Norma prevê acompanhamento individualizado, diagnóstico em até 30 dias e início do tratamento em até 60 dias
O Espírito Santo passou a contar com uma nova lei para agilizar o diagnóstico e o tratamento de pacientes com câncer de mama. Foi publicada no Diário Oficial do Estado a Lei 12.871/2026, de autoria da deputada Iriny Lopes (PT), que institui o Programa Estadual de Navegação de Pacientes para Pessoas com Neoplasia Maligna de Mama.

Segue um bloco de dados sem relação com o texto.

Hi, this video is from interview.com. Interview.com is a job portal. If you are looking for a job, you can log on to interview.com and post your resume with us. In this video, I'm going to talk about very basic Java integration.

A norma já está em vigor e tem como objetivo garantir acompanhamento individualizado para casos de suspeita ou confirmação da doença, com orientação contínua às pacientes e redução de barreiras burocráticas no sistema de saúde.
A nova legislação é resultado do Projeto de Lei 582/2024, apresentado por Iriny Lopes, e foi sancionada pelo governador Ricardo Ferraço (MDB). A proposta tramitou em conjunto com o Projeto de Lei 620/2024, do deputado Dr. Bruno Resende (União), e foi aprovada pelo Plenário da Assembleia Legislativa no início de junho.
De acordo com a lei, a navegação de pacientes consiste no acompanhamento individualizado dos casos de suspeita ou confirmação de câncer de mama. A ideia é organizar o percurso da paciente dentro da rede de saúde, desde o rastreamento inicial até o início do atendimento em serviços especializados.
“A navegação foca em uma atenção humanizada e centrada na paciente”, afirmou Iriny Lopes.
Entre as metas previstas estão a viabilização do diagnóstico em prazo inferior a 30 dias e o início do tratamento em centro especializado em até 60 dias. A lei também prevê apoio multidisciplinar, incluindo orientações clínicas e informações sobre direitos legais.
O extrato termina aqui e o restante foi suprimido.